- [Problem description]: Nothing but the lines from the one with "Zara cream fabric features" through the end of the records below should be written out, and each must match word for word.

● ● ● ● ●

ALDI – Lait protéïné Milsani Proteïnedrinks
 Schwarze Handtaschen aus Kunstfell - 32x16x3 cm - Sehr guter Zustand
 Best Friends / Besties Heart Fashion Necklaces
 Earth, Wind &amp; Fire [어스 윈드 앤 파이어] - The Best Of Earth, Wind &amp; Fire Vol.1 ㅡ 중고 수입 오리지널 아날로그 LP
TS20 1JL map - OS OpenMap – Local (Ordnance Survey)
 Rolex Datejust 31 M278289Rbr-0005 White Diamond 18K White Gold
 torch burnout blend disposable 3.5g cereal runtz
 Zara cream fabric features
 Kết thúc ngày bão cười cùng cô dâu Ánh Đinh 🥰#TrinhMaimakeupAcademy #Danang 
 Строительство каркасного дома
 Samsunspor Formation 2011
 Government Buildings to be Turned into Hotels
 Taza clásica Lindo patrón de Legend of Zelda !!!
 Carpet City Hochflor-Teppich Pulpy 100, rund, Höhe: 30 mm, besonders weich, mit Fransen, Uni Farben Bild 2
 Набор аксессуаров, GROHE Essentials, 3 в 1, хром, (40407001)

● ● ● ● ●

- [Solution for this task]:
 Zara cream fabric features
 Kết thúc ngày bão cười cùng cô dâu Ánh Đinh 🥰#TrinhMaimakeupAcademy #Danang 
 Строительство каркасного дома
 Samsunspor Formation 2011
 Government Buildings to be Turned into Hotels
 Taza clásica Lindo patrón de Legend of Zelda !!!
 Carpet City Hochflor-Teppich Pulpy 100, rund, Höhe: 30 mm, besonders weich, mit Fransen, Uni Farben Bild 2
 Набор аксессуаров, GROHE Essentials, 3 в 1, хром, (40407001)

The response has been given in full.